- Directed by: K. Shankar
- Written by: K. R. Seetharama Sastry (lyrics)
- Produced by: A. V. Meiyappan
- Starring: Rajkumar; Kalyan Kumar; B. Saroja Devi;
- Cinematography: Madhava Bulbule
- Edited by: K. Shankar K. Narayanan
- Music by: R. Sudarsanam R. Govardhanam
- Distributed by: AVM Productions
- Release date: 5 February 1958;
- Running time: 158 minutes
- Country: India
- Language: Kannada

= Bhookailasa (film) =

1958 film

Bhookailasa is a 1958 Indian Kannada language film directed by K. Shankar and produced by A. V. Meiyappan under the banner of AVM Productions. It stars Rajkumar, Kalyan Kumar and K. S. Ashwath in pivotal roles. The movie is a depiction of the legend prevalent in Gokarna, Karnataka and is also referred to as Gokarna Mahakshetra. It is based on the famous Kannada stage play Bhookailasa by Sri Sahitya Samrajya Nataka Mandali of Mysore which A. V. Meiyappan had earlier adapted into the Telugu movie titled Bhookailas in 1940. A. V. Meiyappan also shot the movie simultaneously in Telugu as Bhookailas starring N. T. Rama Rao.
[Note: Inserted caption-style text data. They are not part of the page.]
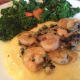 Put a few spoons full of polenta on your plate and place the shrimp on top. Spoon the olive oil, butter, shallot, garlic, caper and basil over the top of the shrimp and polenta. This dish is finished!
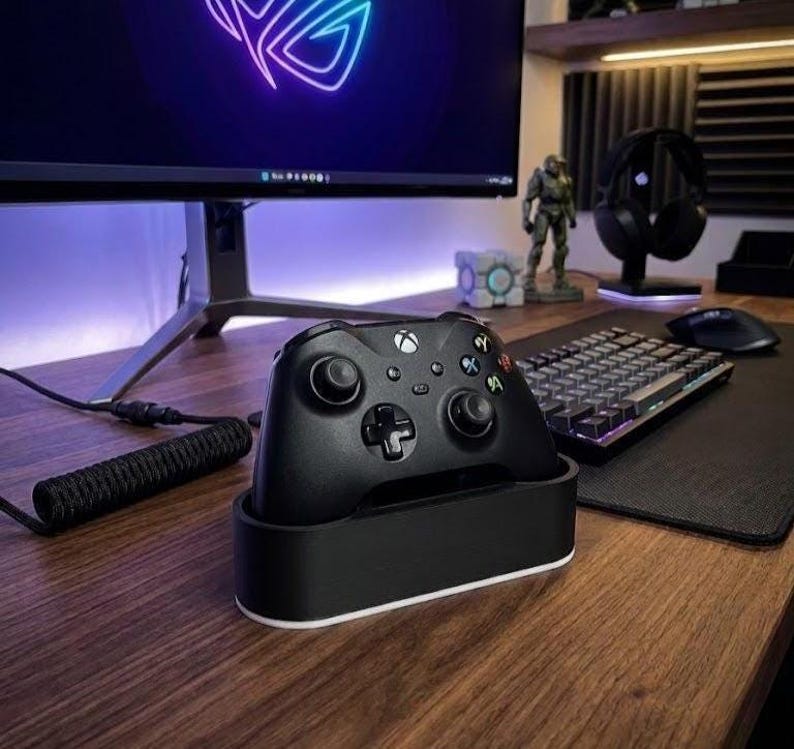 May include: A black wireless game controller rests in a black and white charging dock. The controller features two analog sticks, a directional pad, and four primary action buttons labeled with A, B, X, and Y, positioned on a wooden desk surface.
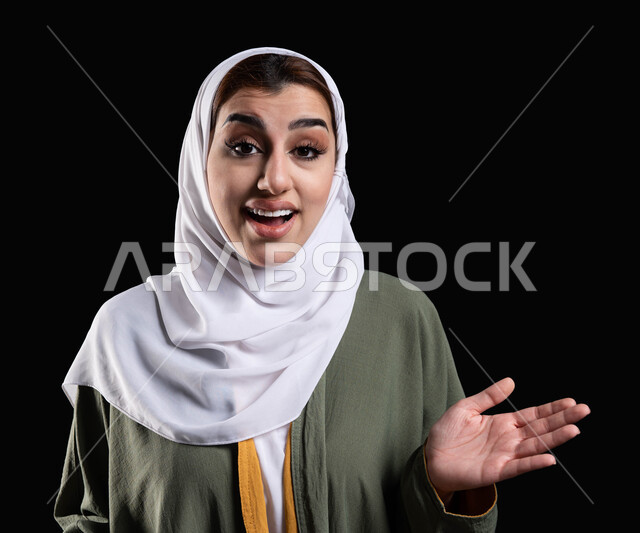 عدم المعرفه والجهل بالأسباب، ايماءات المفاجئه والدهشه والاستغراب، بورتريه مقرب لإمرأه عربيه خليجيه سعوديه محجبه ترتدي عباءه خضراء مطرزه تبتسم وتقوم بالنظر إلى الكاميرا، الإستفهام والسؤال عن شيء ما، خلفيه سوداء.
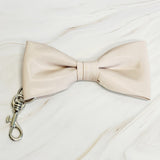 Beige bow tie with a metal clasp on a white background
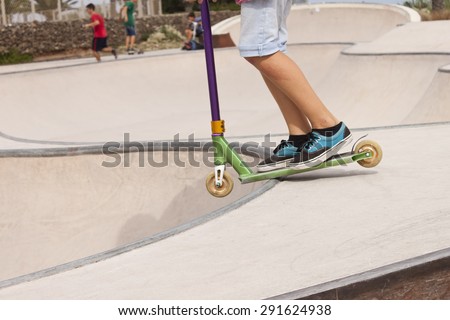 Boy in a skate park with a push scooter.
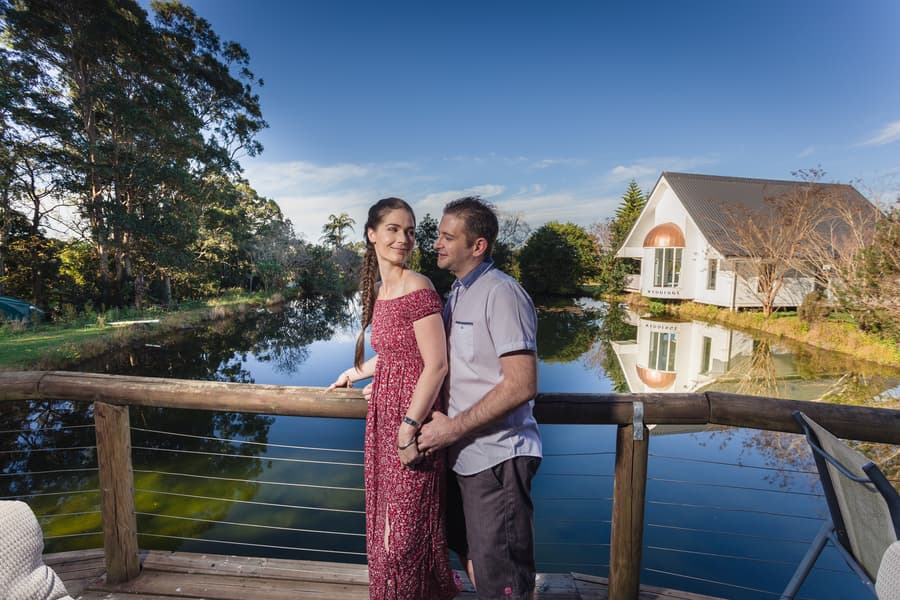 The couple standing on a deck, with a scenic lake and chapel in the background at The Abbey Cobaki.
Rajkumar was praised for bringing out Ravana's layered personality - his intelligence, strength, and sense of righteousness, while also depicting the arrogance and ambition that leads to his downfall.

== Cast ==

- Rajkumar as Ravana
- Kalyan Kumar as Narada
- Jamuna as Mandodari
- B. Saroja Devi as Parvati
- K. S. Ashwath as Shiva
- Siddayya Swamy as Indra
- Hemalatha as Kaikase
- B. Dasappa as Mantri
- S. V. Ranga Rao as Mayasura
- R. N. Magadi as Mantri
- Master Baji as Vinayaka
- Gurusiddayya Swami as Kumbhakarna
- Y. M. Chandraiah as Vibhishana
- B. Anil Kumar as Vishnu

== Soundtrack ==
The music was composed by R. Sudarshanam, R. Govardhanam and all song lyrics were written by K. R. Seetharama Sastry. Shastry, when challenged to summarize the entire Ramayana in a single song, wrote the song - Ramana avataara raghukula somana avataara.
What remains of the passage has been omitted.